Combinatorial Effects of Chrysin with Doxorubicin, 5-Fluorouracil, and Cyclophosphamide on Triple-Negative Breast Cancer Cell Line.

Abstract

Background: The primary challenges associated with chemotherapy treatment include the development of drug resistance. Chrysin (CH) has the potential to enhance the therapeutic efficacy of conventional chemotherapeutic agents. Additionally, CH, with its antioxidant properties, can reduce the side effects caused by reactive oxygen species (ROS) from chemotherapy.

Objectives: This study focused on investigating the combination impact of CH with either 5-fluorouracil (5-FU), doxorubicin (DOX), or cyclophosphamide (CP) on the triple-negative breast cancer (TNBC) MDA-MB-231 cell line.

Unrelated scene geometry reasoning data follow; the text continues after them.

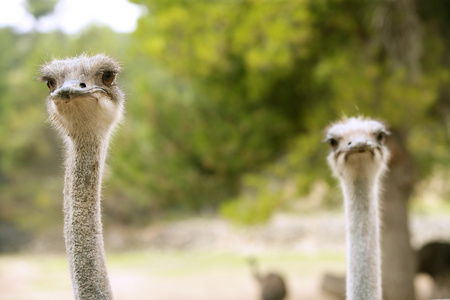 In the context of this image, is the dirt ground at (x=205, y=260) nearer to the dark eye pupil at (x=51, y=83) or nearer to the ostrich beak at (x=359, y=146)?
the ostrich beak at (x=359, y=146)

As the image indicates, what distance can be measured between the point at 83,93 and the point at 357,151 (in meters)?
1.01

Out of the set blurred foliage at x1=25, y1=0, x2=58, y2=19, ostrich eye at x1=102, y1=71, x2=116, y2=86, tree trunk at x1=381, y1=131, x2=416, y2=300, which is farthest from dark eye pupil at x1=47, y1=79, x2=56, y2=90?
blurred foliage at x1=25, y1=0, x2=58, y2=19

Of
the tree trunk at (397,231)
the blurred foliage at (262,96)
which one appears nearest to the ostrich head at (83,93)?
the blurred foliage at (262,96)

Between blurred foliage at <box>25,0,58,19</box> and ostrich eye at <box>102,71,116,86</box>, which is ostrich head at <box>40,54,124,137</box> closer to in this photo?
ostrich eye at <box>102,71,116,86</box>

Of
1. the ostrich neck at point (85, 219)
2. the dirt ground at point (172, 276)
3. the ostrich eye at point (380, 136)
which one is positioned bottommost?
the ostrich neck at point (85, 219)

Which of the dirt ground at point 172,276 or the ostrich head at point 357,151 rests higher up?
the dirt ground at point 172,276

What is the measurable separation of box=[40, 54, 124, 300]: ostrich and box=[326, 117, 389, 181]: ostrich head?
2.84ft

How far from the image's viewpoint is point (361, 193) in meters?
2.25

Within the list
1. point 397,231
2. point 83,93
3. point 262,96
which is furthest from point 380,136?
point 262,96

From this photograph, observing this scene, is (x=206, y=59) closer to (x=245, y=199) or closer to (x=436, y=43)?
(x=245, y=199)

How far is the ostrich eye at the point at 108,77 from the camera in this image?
169 centimetres

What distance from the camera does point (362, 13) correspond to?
5.70 meters

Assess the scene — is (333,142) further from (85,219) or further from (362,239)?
(85,219)

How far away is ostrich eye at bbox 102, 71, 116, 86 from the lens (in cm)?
169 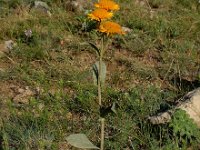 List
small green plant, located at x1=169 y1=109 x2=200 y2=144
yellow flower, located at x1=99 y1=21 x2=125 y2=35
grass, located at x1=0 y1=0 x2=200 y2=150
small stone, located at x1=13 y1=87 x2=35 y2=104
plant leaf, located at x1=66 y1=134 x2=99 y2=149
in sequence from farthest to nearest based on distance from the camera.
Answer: small stone, located at x1=13 y1=87 x2=35 y2=104, grass, located at x1=0 y1=0 x2=200 y2=150, small green plant, located at x1=169 y1=109 x2=200 y2=144, plant leaf, located at x1=66 y1=134 x2=99 y2=149, yellow flower, located at x1=99 y1=21 x2=125 y2=35

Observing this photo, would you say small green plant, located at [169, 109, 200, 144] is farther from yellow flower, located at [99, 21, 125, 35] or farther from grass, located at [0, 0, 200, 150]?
yellow flower, located at [99, 21, 125, 35]

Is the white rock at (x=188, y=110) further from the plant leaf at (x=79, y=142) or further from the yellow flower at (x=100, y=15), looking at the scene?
the yellow flower at (x=100, y=15)

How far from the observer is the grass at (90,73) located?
3.37 meters

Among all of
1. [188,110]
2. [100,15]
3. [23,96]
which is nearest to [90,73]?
[23,96]

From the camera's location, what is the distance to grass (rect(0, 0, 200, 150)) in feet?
11.0

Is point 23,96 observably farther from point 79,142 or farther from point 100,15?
point 100,15

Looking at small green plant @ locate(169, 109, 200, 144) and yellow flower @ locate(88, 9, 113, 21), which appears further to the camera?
small green plant @ locate(169, 109, 200, 144)

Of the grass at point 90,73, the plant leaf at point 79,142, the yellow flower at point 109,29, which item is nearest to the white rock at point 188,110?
the grass at point 90,73

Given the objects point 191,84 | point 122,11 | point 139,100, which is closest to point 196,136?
point 139,100

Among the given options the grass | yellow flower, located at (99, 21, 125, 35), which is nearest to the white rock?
the grass

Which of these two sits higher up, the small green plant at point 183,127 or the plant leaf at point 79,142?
Answer: the plant leaf at point 79,142

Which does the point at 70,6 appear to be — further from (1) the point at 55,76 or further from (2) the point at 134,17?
(1) the point at 55,76

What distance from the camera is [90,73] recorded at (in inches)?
168

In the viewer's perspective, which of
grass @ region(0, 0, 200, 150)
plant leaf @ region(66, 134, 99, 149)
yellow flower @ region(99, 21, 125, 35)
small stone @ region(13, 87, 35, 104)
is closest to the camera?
yellow flower @ region(99, 21, 125, 35) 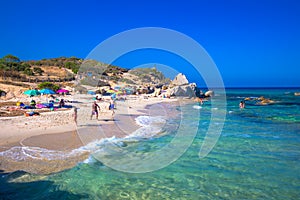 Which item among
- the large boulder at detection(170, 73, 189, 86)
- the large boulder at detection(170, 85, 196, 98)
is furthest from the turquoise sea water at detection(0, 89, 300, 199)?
the large boulder at detection(170, 73, 189, 86)

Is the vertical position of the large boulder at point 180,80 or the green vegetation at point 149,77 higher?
the green vegetation at point 149,77

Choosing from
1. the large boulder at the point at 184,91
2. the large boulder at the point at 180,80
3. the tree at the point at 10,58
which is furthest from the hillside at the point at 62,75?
the large boulder at the point at 184,91

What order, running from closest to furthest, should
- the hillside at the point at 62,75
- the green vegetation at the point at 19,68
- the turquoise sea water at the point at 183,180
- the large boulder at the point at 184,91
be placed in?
1. the turquoise sea water at the point at 183,180
2. the hillside at the point at 62,75
3. the green vegetation at the point at 19,68
4. the large boulder at the point at 184,91

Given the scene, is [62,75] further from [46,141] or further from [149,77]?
[46,141]

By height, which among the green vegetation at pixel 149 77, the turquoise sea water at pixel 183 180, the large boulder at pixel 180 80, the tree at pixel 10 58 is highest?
the tree at pixel 10 58

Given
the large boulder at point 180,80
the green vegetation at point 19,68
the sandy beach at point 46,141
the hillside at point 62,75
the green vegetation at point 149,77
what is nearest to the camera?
the sandy beach at point 46,141

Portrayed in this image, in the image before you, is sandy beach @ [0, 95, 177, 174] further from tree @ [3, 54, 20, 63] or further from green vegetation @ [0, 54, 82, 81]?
tree @ [3, 54, 20, 63]

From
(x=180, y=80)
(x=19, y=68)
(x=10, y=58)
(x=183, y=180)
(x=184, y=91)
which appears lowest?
(x=183, y=180)

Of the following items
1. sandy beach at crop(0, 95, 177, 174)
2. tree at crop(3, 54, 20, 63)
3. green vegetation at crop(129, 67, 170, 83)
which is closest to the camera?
sandy beach at crop(0, 95, 177, 174)

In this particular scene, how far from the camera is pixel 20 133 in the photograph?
10.7 m

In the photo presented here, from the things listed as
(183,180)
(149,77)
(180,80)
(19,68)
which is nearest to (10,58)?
(19,68)

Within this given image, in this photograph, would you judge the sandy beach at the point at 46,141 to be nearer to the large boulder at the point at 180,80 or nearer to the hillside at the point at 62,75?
the hillside at the point at 62,75

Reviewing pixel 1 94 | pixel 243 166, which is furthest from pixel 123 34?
pixel 1 94

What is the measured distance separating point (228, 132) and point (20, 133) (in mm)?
11887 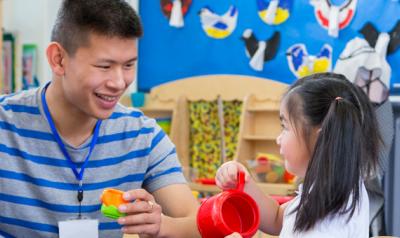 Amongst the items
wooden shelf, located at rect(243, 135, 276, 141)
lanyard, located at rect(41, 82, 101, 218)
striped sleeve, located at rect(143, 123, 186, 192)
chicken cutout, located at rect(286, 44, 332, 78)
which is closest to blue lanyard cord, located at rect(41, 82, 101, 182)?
lanyard, located at rect(41, 82, 101, 218)

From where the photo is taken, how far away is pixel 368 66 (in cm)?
374

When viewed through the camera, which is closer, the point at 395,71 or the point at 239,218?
the point at 239,218

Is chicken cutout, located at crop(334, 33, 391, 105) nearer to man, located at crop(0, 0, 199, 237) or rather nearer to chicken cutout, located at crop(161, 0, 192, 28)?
chicken cutout, located at crop(161, 0, 192, 28)

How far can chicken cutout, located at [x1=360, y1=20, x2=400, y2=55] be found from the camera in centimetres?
386

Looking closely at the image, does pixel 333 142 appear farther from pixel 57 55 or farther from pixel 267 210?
pixel 57 55

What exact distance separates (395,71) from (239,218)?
2.70 meters

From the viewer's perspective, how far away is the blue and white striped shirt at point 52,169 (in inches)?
63.2

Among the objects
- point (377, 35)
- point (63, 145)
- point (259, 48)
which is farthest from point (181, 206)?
point (259, 48)

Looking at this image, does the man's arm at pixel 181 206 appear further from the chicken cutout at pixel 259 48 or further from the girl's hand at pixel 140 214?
the chicken cutout at pixel 259 48

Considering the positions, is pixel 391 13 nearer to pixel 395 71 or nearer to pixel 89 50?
pixel 395 71

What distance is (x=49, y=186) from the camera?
1607mm

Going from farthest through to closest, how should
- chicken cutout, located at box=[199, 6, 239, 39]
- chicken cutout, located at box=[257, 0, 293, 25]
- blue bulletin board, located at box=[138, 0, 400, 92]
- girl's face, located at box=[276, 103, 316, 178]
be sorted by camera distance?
1. chicken cutout, located at box=[199, 6, 239, 39]
2. chicken cutout, located at box=[257, 0, 293, 25]
3. blue bulletin board, located at box=[138, 0, 400, 92]
4. girl's face, located at box=[276, 103, 316, 178]

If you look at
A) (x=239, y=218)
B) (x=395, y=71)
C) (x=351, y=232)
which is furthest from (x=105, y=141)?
(x=395, y=71)

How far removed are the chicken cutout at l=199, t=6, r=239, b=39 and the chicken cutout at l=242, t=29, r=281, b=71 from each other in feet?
0.42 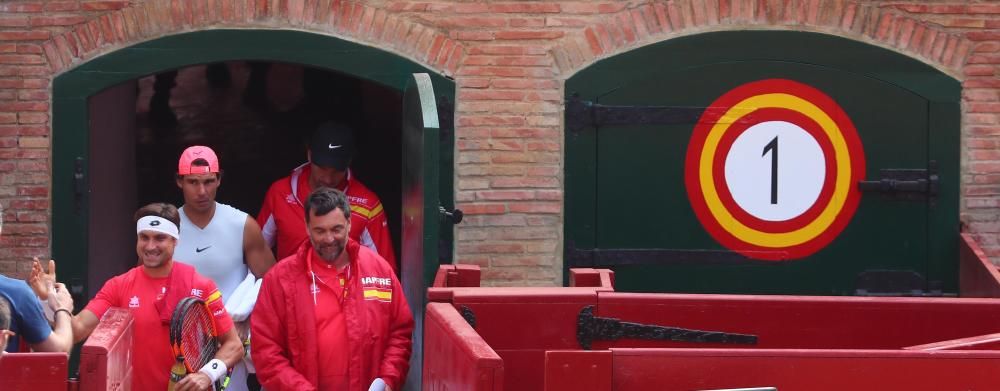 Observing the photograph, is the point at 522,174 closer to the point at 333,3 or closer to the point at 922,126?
the point at 333,3

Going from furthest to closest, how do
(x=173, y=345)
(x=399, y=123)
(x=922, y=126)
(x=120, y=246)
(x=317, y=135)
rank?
(x=399, y=123), (x=120, y=246), (x=922, y=126), (x=317, y=135), (x=173, y=345)

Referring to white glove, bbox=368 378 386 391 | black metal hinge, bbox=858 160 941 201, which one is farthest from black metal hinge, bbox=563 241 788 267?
white glove, bbox=368 378 386 391

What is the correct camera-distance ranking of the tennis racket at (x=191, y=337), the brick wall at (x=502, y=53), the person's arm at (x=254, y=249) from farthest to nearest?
the brick wall at (x=502, y=53)
the person's arm at (x=254, y=249)
the tennis racket at (x=191, y=337)

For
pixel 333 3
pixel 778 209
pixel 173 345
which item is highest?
pixel 333 3

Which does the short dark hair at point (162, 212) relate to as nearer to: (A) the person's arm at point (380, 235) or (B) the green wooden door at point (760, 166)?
(A) the person's arm at point (380, 235)

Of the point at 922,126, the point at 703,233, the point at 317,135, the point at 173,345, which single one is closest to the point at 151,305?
the point at 173,345

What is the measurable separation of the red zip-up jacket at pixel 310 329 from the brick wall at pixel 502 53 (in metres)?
2.48

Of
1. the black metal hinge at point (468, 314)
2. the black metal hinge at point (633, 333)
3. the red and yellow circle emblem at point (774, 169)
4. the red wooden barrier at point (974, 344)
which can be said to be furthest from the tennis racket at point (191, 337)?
the red and yellow circle emblem at point (774, 169)

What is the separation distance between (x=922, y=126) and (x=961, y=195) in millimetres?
478

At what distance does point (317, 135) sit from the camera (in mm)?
8938

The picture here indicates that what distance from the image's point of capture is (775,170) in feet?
31.6

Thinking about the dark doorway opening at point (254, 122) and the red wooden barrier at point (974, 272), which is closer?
the red wooden barrier at point (974, 272)

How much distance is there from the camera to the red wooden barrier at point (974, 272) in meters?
8.97

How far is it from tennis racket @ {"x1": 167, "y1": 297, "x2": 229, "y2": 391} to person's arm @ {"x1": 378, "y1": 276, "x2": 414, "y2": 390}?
2.55 feet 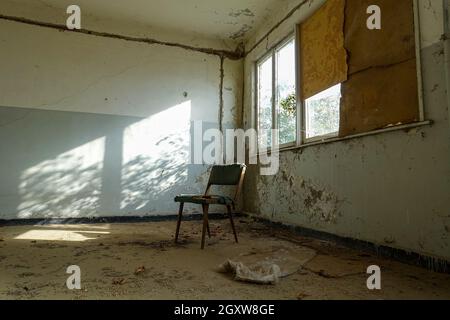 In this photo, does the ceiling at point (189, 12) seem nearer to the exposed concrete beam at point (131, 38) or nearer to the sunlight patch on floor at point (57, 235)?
the exposed concrete beam at point (131, 38)

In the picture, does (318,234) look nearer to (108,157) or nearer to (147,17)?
(108,157)

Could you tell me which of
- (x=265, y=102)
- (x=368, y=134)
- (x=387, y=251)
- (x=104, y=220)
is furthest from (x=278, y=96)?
(x=104, y=220)

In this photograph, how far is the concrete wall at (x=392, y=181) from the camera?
2.00 metres

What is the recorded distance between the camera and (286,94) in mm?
3998

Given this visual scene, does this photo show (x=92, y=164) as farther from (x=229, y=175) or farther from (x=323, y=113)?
(x=323, y=113)

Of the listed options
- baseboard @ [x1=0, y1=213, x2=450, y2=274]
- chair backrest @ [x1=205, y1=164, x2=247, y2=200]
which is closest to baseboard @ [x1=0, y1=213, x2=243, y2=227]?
baseboard @ [x1=0, y1=213, x2=450, y2=274]

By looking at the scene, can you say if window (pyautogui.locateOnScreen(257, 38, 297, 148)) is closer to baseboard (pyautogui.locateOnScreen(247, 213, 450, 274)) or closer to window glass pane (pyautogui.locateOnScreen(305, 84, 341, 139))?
window glass pane (pyautogui.locateOnScreen(305, 84, 341, 139))

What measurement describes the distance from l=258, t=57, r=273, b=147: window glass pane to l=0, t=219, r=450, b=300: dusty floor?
1.58 meters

Methods: Cytotoxicity was investigated using the MTT assay. The checkerboard microplate method was utilized to determine the effects of drug interactions. Apoptosis and cell cycle distribution were measured by flow cytometry. The classical scratch assay was used to examine cell migration ability.

Results: The combination of 5-FU and DOX showed synergistic effects with CH (FIX < 1). Conversely, the interaction between CH and CP resulted in non-additive effects (FIX > 1). The combination treatment of CH with a chemotherapeutic drug was more effective in inducing early apoptosis than the drug alone and the control (P < 0.05). An increase in the sub-G1 phase was observed upon treatment with the combination of CH and chemotherapeutic drugs compared with the control and drugs alone (P < 0.05). Co-administration of CH with chemotherapeutic drugs induced a significant decrease in cell migration compared with the control and chemotherapeutic drugs alone (P < 0.05).

Conclusions: The results revealed that combination therapy involving CH in conjunction with 5-FU and DOX demonstrated a more substantial therapeutic effect on TNBC cells than treatments with 5-FU and DOX individually.